Ai Weiwei Will Fight Tax Charges "To the Death"

Reuters talks to a defiant Ai Weiwei following the imposition of a 15 million yuan ($2.4 million) tax bill on his design company, Beijing Fake Cultural Development Ltd:

“Will a person like Ai Weiwei surrender?” In my dictionary, there’s no such word ‘surrender’,” the bearded artist said at his home and studio in northeastern Beijing where a team of lawyers and tax experts and his wife, Lu Qing, were gathered ….

Ai said authorities had not shown him evidence of the alleged tax evasion and had told the manager and accountant of Beijing Fake Cultural Development Ltd., which has helped produce Ai’s internationally renowned art and designs, not to meet him.

According to Ai, the Public Security Bureau has labeled him the “controlling person” of the company, although his wife is the legal representative. Ai said that if he didn’t pay the penalty, his wife could go to jail.

“And for a country like that, I will fight them to the death,” he said.

See also a BBC report including an audio interview with Ai Weiwei, and another from Al Jazeera English, to whom Ai said that the case was not about money: “It’s the issue of how a state can survive when they are not respectful of the law, when they’re clearly don’t have a clear procedure, transparency, or public discussion.” The Wall Street Journal agreed, describing the authorities’ actions as “absurdist”: “How else to describe a case in which the government has violated its own laws in pursuit of politicized justice?”

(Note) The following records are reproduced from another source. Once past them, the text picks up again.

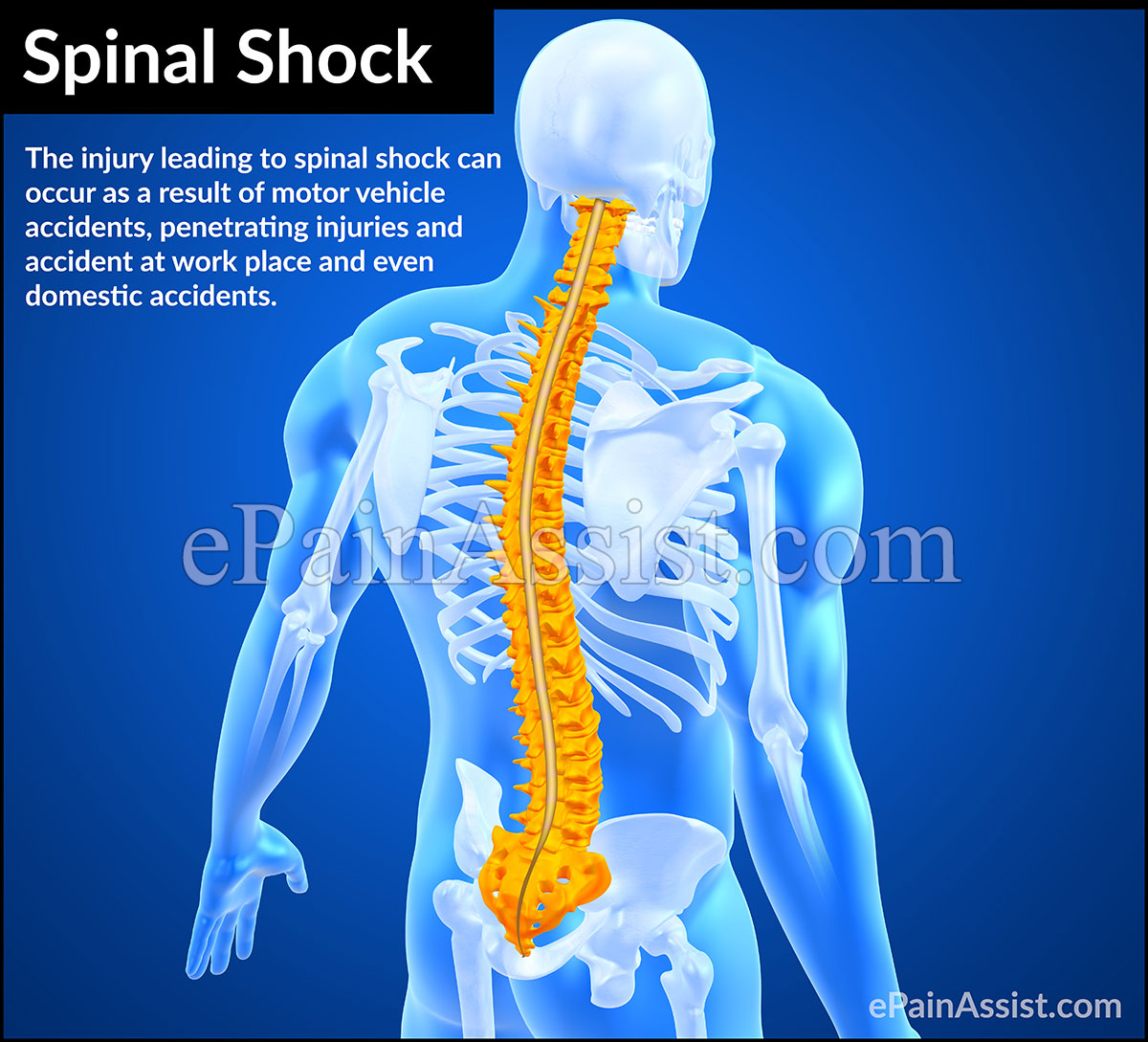 What is Spinal Shock? What is Spinal Shock?
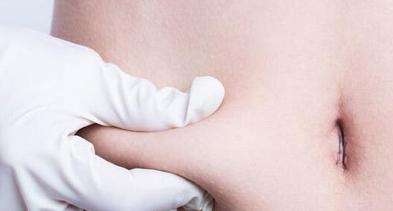 上海埋线双眼皮多久可以化妆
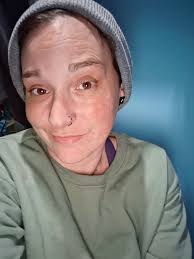 Has anyone explored the idea that they may be mistaking NPD with Aspergers  Syndrome? In my research I have discovered Aspergers is often misdiagnosed  NPD and I recall before my diagnosise it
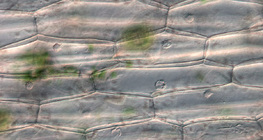 Stanice epiderme biljke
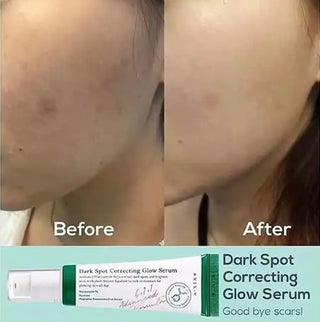 Axis-Y Dark Spot Correcting Glow Serum in a sleek bottle, designed to reduce pigmentation and brighten skin.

While his resolve to fight to the death will hopefully remain untested, Ai’s corpse has already caused consternation in the small German town where it has been on display. From TIME:

He Xiangyu’s art exhibit, “The Death of Marat,” in Bad Ems, Germany has everyone talking – about the corpse lying face down in a window display. Of course, it’s not really a corpse — it’s a statue effigy of Chinese activist Ai Weiwei.

Passersby are mistaking it for a human corpse, and, not surprisingly, have already alerted local authorities. “Several people had already called within days of the exhibition going up,” said Peter Steger, a spokesman for the police in Bad Ems. A local resident also filed charges for disturbing the peace of the dead, thinking the corpse was real.